Pierre Spehl, président du CEDEP:
«Les élèves doivent s’adapter à l’enseignement qui leur est dispensé. Puis à charge pour eux d’assimiler et de réussir les épreuves successives. Ce que nous proposons, c’est de faire en sorte que les élèves soient, au fur et à mesure de leur cursus, beaucoup plus soutenus par les enseignants à titre individuel. Et donc on remédie le plus tôt possible aux difficultés que les élèves rencontrent. Cela est tout à fait possible, puisque ça se pratique déjà dans certaines écoles en Belgique. Mais aussi dans d’autres pays, comme la Finlande. Ils avaient un système comparable au nôtre il y a une vingtaine d’années, et ils sont arrivés à le transformer complètement dans l’esprit que nous proposons.»
Votre proposition d’unification des réseaux, c’est une remise en question du pacte scolaire d’il y a 50 ans?
«Nous ne voulons rien imposer à personne. Nous voulons convaincre que l’on fait beaucoup mieux ensemble plutôt que chacun dans son coin. Une fois tous les acteurs et tous les responsables convaincus, il faudra trouver avec eux les modes d’organisation nouveaux à mettre en place. Cela nécessitera à ce moment-là une révision du pacte scolaire. Nous ne l’envisageons pas en termes d’affrontements, comme c’était le cas à l’époque.»
Vous voulez unifier aussi les niveaux communal, provincial et communautaire?
«Oui, mais nous laissons en suspens la question de savoir quel doit être le niveau du pouvoir organisateur. Il faudra définir quelque part qui organise, mais nous ne souhaitons pas à ce stade faire de proposition concrète en la matière car nous ne voulons pas bloquer le débat sur le fond.»
Vous parlez d’unification, mais aussi d’autonomie des établissements?

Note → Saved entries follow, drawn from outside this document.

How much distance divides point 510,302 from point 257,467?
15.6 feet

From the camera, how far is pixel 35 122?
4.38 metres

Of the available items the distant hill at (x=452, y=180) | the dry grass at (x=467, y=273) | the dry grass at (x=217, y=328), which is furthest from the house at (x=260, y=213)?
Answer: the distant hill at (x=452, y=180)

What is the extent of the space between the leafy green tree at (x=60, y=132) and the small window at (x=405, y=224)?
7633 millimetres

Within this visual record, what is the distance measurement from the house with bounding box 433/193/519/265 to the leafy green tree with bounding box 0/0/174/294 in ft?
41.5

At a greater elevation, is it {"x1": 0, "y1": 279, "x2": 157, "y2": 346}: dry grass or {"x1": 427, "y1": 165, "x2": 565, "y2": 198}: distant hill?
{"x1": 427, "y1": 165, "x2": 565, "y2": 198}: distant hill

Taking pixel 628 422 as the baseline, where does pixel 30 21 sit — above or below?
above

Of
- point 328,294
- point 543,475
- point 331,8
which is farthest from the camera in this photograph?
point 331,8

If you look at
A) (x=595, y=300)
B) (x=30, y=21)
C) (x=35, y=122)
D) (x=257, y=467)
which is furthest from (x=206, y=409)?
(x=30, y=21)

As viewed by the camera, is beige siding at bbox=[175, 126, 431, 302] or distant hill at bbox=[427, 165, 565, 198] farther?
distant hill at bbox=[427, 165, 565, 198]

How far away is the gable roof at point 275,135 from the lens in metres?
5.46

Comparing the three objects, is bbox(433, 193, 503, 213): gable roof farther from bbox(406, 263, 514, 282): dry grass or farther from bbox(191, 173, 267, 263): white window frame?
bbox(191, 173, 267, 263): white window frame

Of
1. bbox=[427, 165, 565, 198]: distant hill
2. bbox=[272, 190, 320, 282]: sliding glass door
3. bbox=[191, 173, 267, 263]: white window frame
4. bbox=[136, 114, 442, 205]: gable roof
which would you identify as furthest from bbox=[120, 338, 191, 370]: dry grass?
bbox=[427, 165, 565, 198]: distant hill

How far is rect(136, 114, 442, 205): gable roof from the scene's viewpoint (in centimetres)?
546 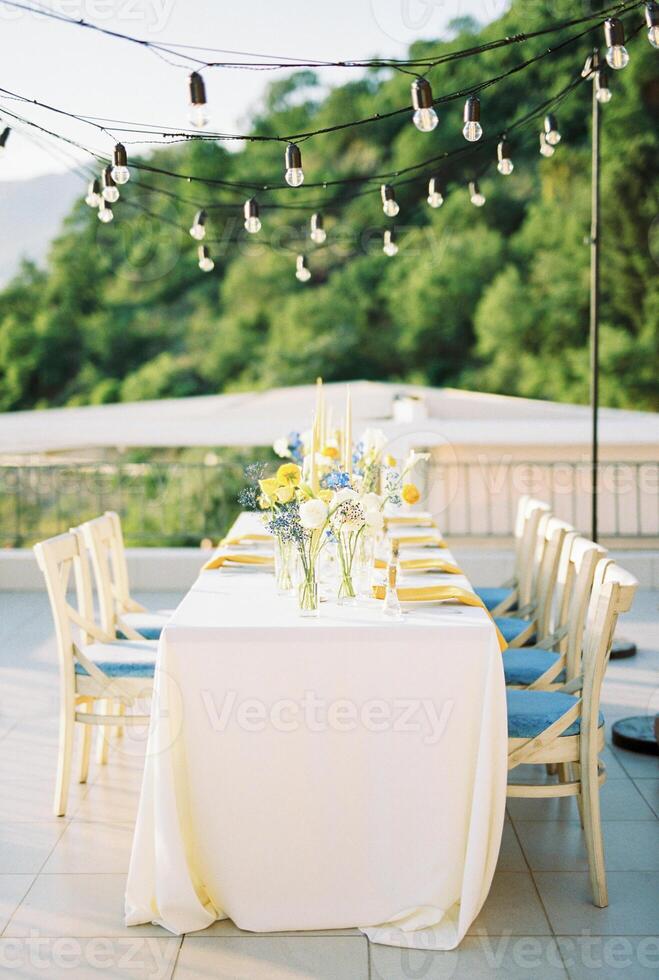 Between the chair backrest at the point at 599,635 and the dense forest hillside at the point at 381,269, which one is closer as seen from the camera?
the chair backrest at the point at 599,635

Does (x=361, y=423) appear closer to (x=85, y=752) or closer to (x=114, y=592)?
(x=114, y=592)

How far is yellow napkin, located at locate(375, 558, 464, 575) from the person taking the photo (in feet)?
11.3

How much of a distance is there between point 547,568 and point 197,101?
190cm

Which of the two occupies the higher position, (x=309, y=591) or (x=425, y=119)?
(x=425, y=119)

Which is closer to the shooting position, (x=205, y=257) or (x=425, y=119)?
(x=425, y=119)

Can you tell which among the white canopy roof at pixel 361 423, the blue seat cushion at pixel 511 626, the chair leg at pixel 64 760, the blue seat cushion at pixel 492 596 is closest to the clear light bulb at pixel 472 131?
the blue seat cushion at pixel 511 626

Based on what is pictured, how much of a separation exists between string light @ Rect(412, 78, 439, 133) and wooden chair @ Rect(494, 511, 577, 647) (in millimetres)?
1407

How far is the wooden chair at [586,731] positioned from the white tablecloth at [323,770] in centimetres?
21

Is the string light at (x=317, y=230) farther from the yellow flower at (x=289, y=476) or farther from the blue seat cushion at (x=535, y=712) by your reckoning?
the blue seat cushion at (x=535, y=712)

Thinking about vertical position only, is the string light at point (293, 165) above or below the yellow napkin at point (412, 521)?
above

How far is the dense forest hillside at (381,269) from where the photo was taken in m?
17.9

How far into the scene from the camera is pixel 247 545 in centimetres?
411

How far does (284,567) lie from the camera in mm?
3146

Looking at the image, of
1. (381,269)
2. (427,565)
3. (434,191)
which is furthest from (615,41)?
(381,269)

«Il y a des tâches à réaliser par le pouvoir politique, la Communauté française: donner les moyens et organiser la formation dans le cadre d’un Centre de formation pédagogique commun. Avec la collaboration des écoles existantes, ce centre serait l’endroit où se fixe le programme. Le communautaire doit fixer les résultats à atteindre. Mais chaque établissement doit déterminer la manière d’y arriver, de choisir les méthodes.» Un de vos principes est la neutralité… «C’est le respect de certains principes de vie en commun, de ne pas profiter de position d’enseignant pour faire du prosélytisme. Même dans le réseau catholique, il y a une forme d’organisation qui freine ce genre d’attitude. Nous ne sommes pas loin de nous mettre d’accord à ce sujet.»

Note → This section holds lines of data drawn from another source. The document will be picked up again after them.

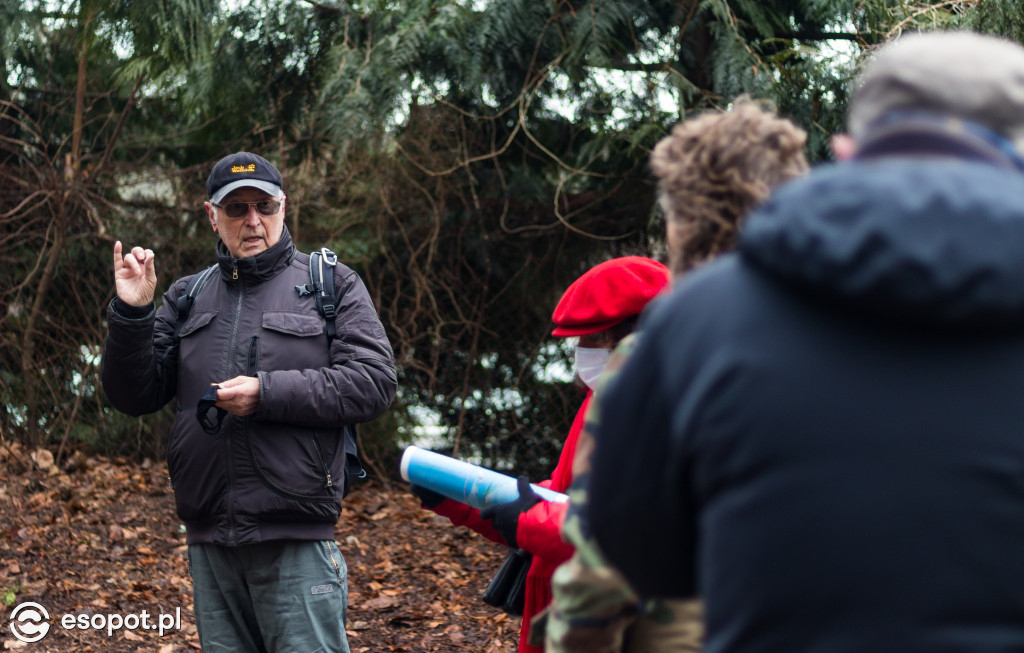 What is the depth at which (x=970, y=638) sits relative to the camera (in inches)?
41.1

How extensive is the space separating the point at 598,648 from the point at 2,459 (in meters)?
6.00

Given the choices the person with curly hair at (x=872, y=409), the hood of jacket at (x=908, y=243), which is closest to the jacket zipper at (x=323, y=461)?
the person with curly hair at (x=872, y=409)

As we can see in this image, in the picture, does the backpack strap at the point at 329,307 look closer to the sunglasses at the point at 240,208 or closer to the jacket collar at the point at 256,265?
the jacket collar at the point at 256,265

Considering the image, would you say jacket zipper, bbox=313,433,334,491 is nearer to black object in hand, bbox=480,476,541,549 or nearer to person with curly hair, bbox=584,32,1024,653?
black object in hand, bbox=480,476,541,549

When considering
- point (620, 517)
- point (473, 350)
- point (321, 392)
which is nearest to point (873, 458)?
point (620, 517)

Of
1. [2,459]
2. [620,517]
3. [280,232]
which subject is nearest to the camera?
[620,517]

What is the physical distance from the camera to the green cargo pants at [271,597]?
2.88 meters

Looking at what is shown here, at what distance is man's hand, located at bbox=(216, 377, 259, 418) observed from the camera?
2.81 m

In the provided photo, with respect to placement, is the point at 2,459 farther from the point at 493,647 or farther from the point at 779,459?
the point at 779,459

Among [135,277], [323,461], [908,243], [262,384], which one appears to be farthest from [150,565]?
[908,243]

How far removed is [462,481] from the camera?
2.25 m

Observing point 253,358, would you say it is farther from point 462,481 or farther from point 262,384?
point 462,481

Vous soumettez à nouveau la mise en place d’un cours unique abordant philosophie, civisme et fait religieux…
«Il y a un besoin d’un cours commun à tous les élèves qui avance ce qui est commun dans la vie en société: les Droits de l’homme, par exemple. Approfondir ce que ça implique, c’est déjà une matière très importante. Pour le moment, ils sont abordés dans les cours philosophiques, mais de manière différente selon l’orientation. Et les enfants sont séparés les uns des autres. Alors qu’ils devraient se retrouver dans cette même conception des Droits de l’homme. En matière de citoyenneté, même chose. Des éléments concrets du droit. Apprendre comment pense l’autre est très important, d’où le besoin d’un cours sur les croyances religieuses. L’école n’est pas le lieu de l’instruction religieuse. L’école publique doit fournir aux jeunes une base commune qui puisse leur servir dans leur future vie en société. Nous ne nous prononçons pas sur la suppression des cours de religion dans les écoles publiques. A condition qu’il soit facultatif. Et ce cours commun obligatoire.»

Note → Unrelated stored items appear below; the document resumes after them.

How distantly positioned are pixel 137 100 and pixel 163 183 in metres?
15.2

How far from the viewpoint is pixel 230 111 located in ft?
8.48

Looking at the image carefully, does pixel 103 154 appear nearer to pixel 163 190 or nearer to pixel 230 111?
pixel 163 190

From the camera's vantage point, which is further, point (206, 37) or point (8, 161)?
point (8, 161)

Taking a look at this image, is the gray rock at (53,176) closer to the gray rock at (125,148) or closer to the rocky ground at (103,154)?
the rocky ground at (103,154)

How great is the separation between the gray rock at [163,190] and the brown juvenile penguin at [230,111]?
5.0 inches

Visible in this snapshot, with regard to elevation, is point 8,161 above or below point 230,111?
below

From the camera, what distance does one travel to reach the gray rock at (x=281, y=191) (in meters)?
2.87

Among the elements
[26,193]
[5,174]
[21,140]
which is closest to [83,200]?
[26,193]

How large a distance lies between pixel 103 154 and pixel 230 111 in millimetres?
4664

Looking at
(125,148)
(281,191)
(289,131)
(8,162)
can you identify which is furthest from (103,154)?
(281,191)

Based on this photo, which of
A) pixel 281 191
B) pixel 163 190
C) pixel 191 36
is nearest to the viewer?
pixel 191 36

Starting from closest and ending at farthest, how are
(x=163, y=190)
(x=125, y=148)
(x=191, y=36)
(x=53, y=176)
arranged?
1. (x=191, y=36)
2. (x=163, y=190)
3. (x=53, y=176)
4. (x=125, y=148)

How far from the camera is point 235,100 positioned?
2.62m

Le personnel enseignant a le moral dans les chaussettes en ce moment. Que voulez-vous lui demander?
«Le CEDEP est constitué d’une majorité d’associations d’enseignants. Ce qui me frappe, c’est l’unanimité sur les constats et sur ce qu’il faudrait faire pour améliorer les choses. Les enseignants sont demandeurs d’une meilleure formation pédagogique pour pouvoir transmettre leurs connaissances aux élèves et que ces derniers puissent assimiler ce qu’on leur propose.»